To mark her 62nd birthday, around 300 supporters gathered at the dilapidated headquarters of Suu Kyi's National League for Democracy (NLD), which won an election landslide victory in 1990 only to be denied power by the military junta.
The NLD reiterated its demand for the immediate and unconditional release of Suu Kyi, as well as the other 1,100 political prisoners believed to be behind bars in the former Burma.
As with countless other pleas on countless other "milestones" during Suu Kyi's 17 years of on-off detention, it is certain to fall on deaf ears.
Plain-clothes security police, their long-lens cameras clicking away, kept close watch over the NLD ceremony from across the road.
A dozen trucks filled with members of the Union Solidarity and Development Association -- the official name of the junta's political wing -- sat nearby.
In Manila, 20 people protested outside the Myanmar embassy, and there were similar scenes in New Delhi on Monday evening.
However, there were no demonstrations in Thailand, the traditional center of the Myanmar dissident movement, for fear of repercussions from the military regime now in charge in Bangkok.
In the United States, first lady Laura Bush published an essay in the Wall Street Journal urging support for Suu Kyi and her followers. She described plans to meet with the U.N. Special Envoy for Burma, Ibrahim Gambari, to discuss "how the international community can hold the generals to account."
State Department spokesman Sean McCormack told a news conference the United States would work on "many, many different fronts" to keep Myanmar on the international agenda.

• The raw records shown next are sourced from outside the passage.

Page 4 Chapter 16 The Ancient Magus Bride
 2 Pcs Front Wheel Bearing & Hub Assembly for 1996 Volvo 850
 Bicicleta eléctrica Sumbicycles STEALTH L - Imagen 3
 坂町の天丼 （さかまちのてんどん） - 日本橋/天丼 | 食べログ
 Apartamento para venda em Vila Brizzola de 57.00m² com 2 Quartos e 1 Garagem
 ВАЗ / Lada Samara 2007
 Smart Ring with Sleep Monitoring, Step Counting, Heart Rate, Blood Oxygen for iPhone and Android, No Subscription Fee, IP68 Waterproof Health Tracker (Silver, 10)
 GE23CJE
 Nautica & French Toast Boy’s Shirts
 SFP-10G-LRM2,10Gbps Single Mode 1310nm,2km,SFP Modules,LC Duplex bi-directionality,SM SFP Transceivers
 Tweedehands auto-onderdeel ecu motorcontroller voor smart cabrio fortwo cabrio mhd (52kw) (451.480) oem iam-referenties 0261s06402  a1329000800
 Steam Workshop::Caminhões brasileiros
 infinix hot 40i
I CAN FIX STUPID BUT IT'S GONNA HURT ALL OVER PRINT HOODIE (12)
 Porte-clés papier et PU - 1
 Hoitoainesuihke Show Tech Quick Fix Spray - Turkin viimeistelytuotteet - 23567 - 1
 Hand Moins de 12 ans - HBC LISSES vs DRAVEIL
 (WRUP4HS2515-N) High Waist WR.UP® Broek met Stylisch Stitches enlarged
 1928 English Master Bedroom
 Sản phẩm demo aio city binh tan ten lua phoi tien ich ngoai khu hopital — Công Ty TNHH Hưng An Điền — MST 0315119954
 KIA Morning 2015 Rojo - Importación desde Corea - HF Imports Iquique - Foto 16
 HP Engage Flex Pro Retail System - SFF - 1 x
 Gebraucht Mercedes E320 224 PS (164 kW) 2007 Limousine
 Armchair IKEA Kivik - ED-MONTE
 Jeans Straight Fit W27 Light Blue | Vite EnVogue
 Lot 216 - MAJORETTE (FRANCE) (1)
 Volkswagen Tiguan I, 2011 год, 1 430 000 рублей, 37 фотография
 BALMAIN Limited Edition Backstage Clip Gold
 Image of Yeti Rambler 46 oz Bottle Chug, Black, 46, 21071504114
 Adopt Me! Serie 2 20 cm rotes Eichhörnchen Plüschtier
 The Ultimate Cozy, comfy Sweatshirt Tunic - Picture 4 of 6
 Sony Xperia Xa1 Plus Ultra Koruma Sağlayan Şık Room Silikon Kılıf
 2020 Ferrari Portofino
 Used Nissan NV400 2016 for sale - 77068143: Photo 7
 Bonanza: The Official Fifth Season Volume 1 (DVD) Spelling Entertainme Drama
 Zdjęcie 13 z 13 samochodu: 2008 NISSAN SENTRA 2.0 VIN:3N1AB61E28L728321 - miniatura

"It requires everybody's effort and it requires concerted pressure from all parties involved," he said.
Support by China, India under fire

T. Kumar of Amnesty International USA said the missing ingredient in the global campaign was pressure on China and India to end their political and material support for Yangon.
"We should make a pledge today that we will target these two countries to make sure they back off," he told a rally in the U.S. Capitol building attended by key lawmakers.
Suu Kyi's confinement in her lakeside home in Yangon was extended for another year in May despite international pleas to the generals to end her latest detention, which began in 2003.
The Nobel peace laureate has now been confined for more than 11 of the past 17 years, with her telephone line cut and no visitors allowed apart from her maid and doctor.
"In our view, until their constitution is ratified, she will not be released," said Sann Aung, a Bangkok-based leader of the government-in-exile set up after the junta ignored the 1990 election results.
The generals have promised a referendum on the new constitution and eventual elections but refused to set a timetable. Critics call it a sham aimed at entrenching military control over Myanmar's 54 million people.
Sanctions imposed by the West have had little effect on the military, which has ruled Myanmar in various guises since 1962.
Neither has the soft diplomacy employed by Myanmar's partners in the 10-member Association of South East Asian Nations (ASEAN), which has been embarrassed by the junta's intransigence.
"Today, Burma is the black sheep of ASEAN," Thailand's Nation newspaper said in an editorial. "As long as Aung San Suu Kyi remains incarcerated, ASEAN's reputation and the group's international standing will be tarnished."